M, écrivaine d'une cinquantaine d'années, s'adresse, par lettres pensons-nous, à un certain
Jeffers, ami et écrivain lui aussi, pour lui relater un épisode de sa vie, dans une temporalité proche du confinement.
Elle s'est installée avec son deuxième mari, Tony, dans une maison située dans une région de marais offrant un paysage enchanteur, en Angleterre peut-être. En emménageant, ils ont découvert une deuxième petite maison cachée,
la dépendance, qu'ils restaurent et décident de transformer en résidence d'artistes. Ils sont bientôt rejoints, au gré des évènements, par sa fille et son compagnon, ainsi que par un artiste peintre L. Ce dernier arrive inopinément avec une jeune et belle créature d'une trentaine d'années, pas invitée et donc attendue.
Vous penserez que nous ne sommes pas loin d'une situation vaudevillesque, décrite comme telle en quatrième de couverture pour attirer le chaland, et bien pas du tout. Les différents personnages annexes ont finalement assez peu d'importance, le coeur du roman étant consacré, d'une part, à la relation entre les deux protagonistes principaux, ceux qui ne sont pas dotés de prénoms, M et L, et d'autre part, à une plongée en apnée dans la psyché tourmentée de la narratrice, sous la forme d'une sorte de flux de conscience, que la genre épistolaire permet.
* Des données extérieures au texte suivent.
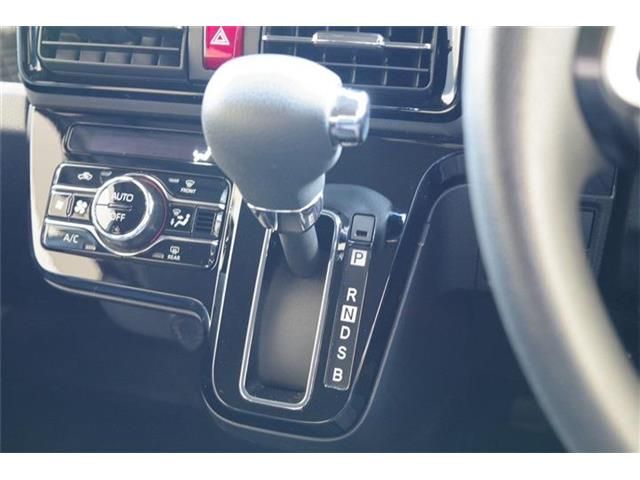 DAIHATSU TANTO CUSTOM 2019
M, touchée au plus profond d'elle même, lors d'une visite à Paris, par les toiles de l'qui ont joué sur elle un rôle de révélateur, nourrit le rêve, depuis, d'inviter le peintre et de nouer avec lui un lien dont elle ne maîtrise pas vraiment les ressorts. Est-ce une aventure amoureuse ou l'représente-t-il une figure paternelle ?
C'est avant tout la rencontre entre deux créateurs qui ne parviennent pas à s'accorder, à se respecter, et dont les univers mentaux ne peuvent cohabiter, s'encastrer, l'un et l'autre courant le risque de l'envahissement et de l'anéantissement. Ils craignent l'emprise et la prise de contrôle de l'un sur l'autre.
M en proie à un questionnement intérieur taraudant, à des doutes incessants sur son être, sa féminité, sa présence au monde, la maternité, ne parait pas de taille à affronter ce monstre de fatuité. Elle s'interroge inlassablement et métaphysiquement sur son existence, son rapport à la réalité, au réel, à la vérité et cela donne lieu, dans le livre, à certains passages abscons, énigmatiques qui peuvent décourager le lecteur -je me suis posée des questions sur la qualité de la traduction-.
Est-elle si fragile que cela ? N'est-ce pas l'image qu'elle souhaite donner d'elle ? Les autres ne paraissent pas la percevoir ainsi.
Qui sortira vainqueur de ce combat d'égos ? de quelle dépendance parlons-nous dans ce livre ? Ce mot polysémique a été particulièrement bien choisi dans la version française.
On se demande jusqu'au bout de quoi on parle exactement dans
La dépendance, sans que cela ait gêné ma lecture. Les accents woolfiens de plus en plus marqués au fil de l'ouvrage nous donnent un éclairage ; la dernière page également, où l'autrice mentionne sa source d'inspiration et l'origine des deux initiales (Mais chut...).
Rachel Cusk confirme ici, avec son roman à tiroirs, son art de sonder les êtres et les affres de la création artistique, son talent de romancière anglaise digne successeur (pas de féminin en français) des plus grandes, inscrite dans la tradition littéraire britannique.